Dont acte : les effets de l’insaisissabilité doivent durer aussi longtemps que subsistent les dettes professionnelles du débiteur. La solution ici retenue à propos de l’insaisissabilité légale avait déjà été énoncée par la Cour de cassation concernant la déclaration notariée d’insaisissabilité (Com.17 nov. 2021, n° 20-20.821). La portée conférée au dispositif de l’insaisissabilité est ainsi renforcée, en même temps que l’efficacité du dispositif de protection du débiteur dans le temps.
Si en l’espèce, la cessation de l’activité professionnelle laisse inchangés les effets de l’insaisissabilité légale de la résidence principale, dont l’efficacité perdure postérieurement à la perte de la qualité d’entrepreneur, c’est en raison de la date de naissance des dettes professionnelles considérées, nées entre l’époque durant laquelle la résidence principale était protégée – emportant avec elle une réduction du droit de gage des créanciers professionnels – et la date de la cessation de l’activité. Le maintien de ces effets est ainsi justifié : bien que l’activité du débiteur ait cessé, ses dettes professionnelles sont, quant à elles, maintenues, justifiant d’ailleurs l’ouverture à son encontre d’une procédure collective postérieurement à la cessation de son activité professionnelle. L’insaisissabilité de sa résidence principale doit donc demeurer efficace puisque sa raison d’être, soit la protection du logement d’habitation du débiteur endetté, subsiste. De la même façon que ses dettes professionnelles justifiaient l’ouverture d’une procédure collective postérieurement à la cessation d’activité, leur existence soutenait la nécessité de maintenir les effets de l’insaisissabilité légale, laquelle demeure opposable à la liquidation judiciaire quand bien même le débiteur aurait perdu, avant l’ouverture de la procédure, sa qualité d’entrepreneur individuel. Il en résulte que si l’insaisissabilité sera sans effet pour l’avenir, elle continue en revanche de protéger l’entrepreneur pour les dettes nées de son activité professionnelle passée.

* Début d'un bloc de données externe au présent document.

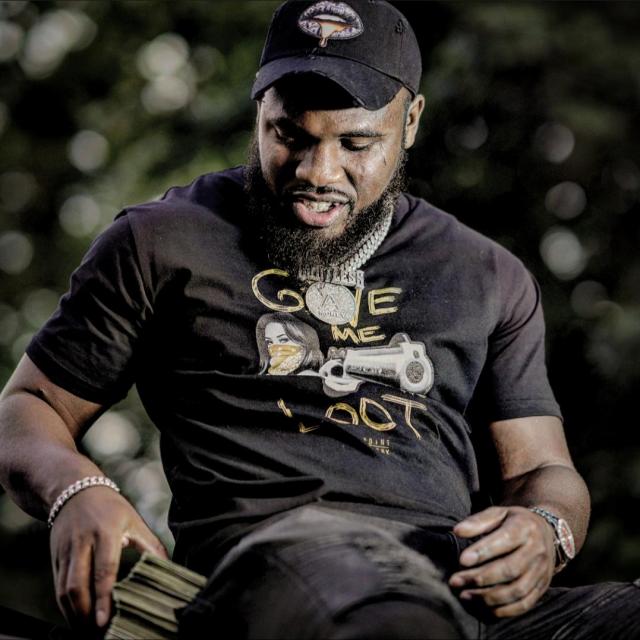 AYYEMONEY's picture AYYEMONEY's picture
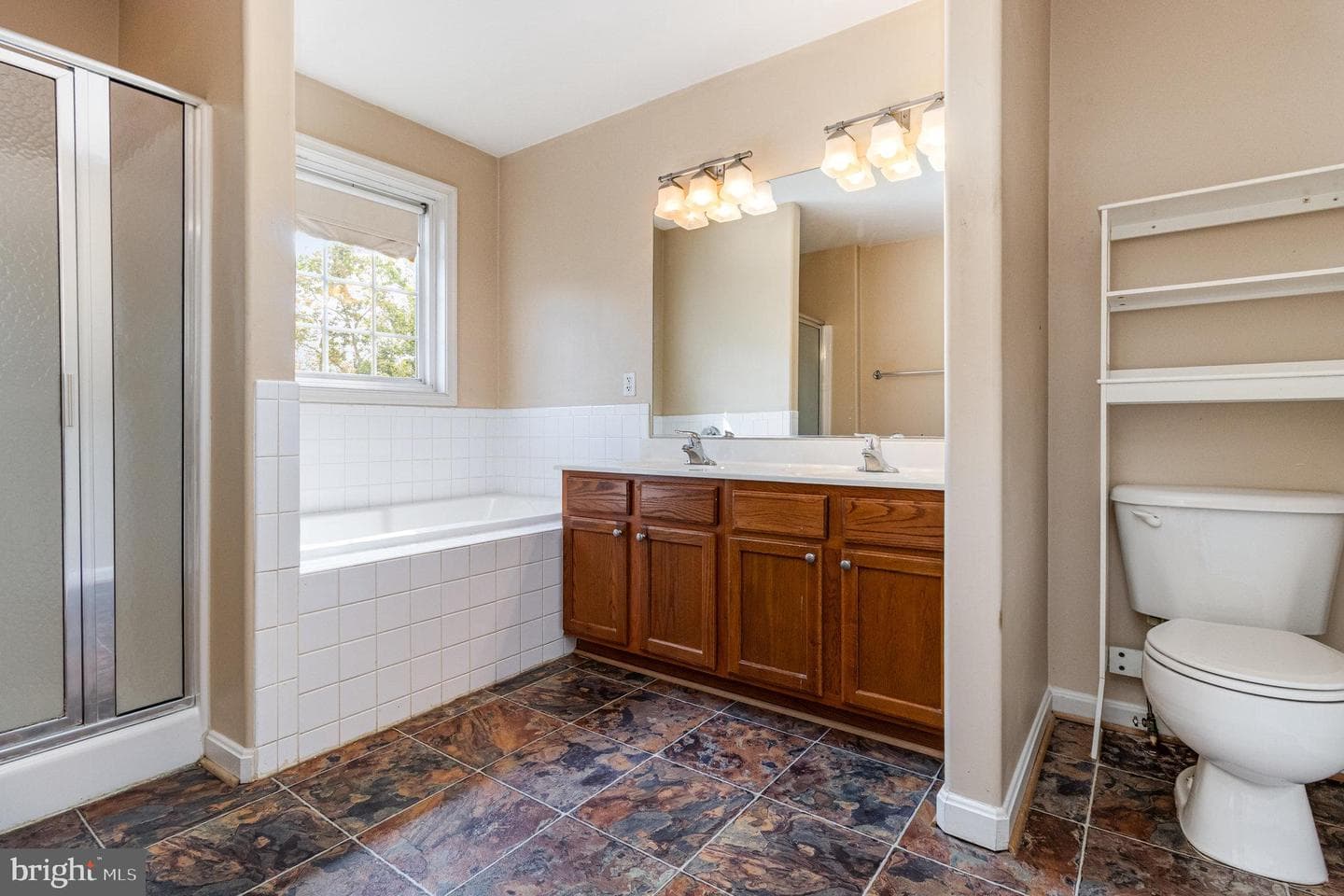 23055 Sir Barton Court photo 15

Ainsi, ce sont les deux critères liés au maintien des dettes du débiteur et à la nature professionnelle de celles-ci qui fondent la protection de sa résidence principale, peu important la cessation de son activité. À ces deux conditions, l’ancien entrepreneur conserve le droit d’opposer l’insaisissabilité de sa résidence principale pour faire obstacle aux mesures d’exécution et, en particulier, à la vente forcée de ce bien légalement protégé.
Références :
■ Com.17 nov. 2021, n° 20-20.821 P : D. 2021. 2085 ; ibid. 2022. 1675, obs. F.-X. Lucas et P. Cagnoli ; AJ fam. 2022. 94, obs. J. Casey ; Rev. prat. rec. 2022. 29, chron. P. Roussel Galle et F. Reille.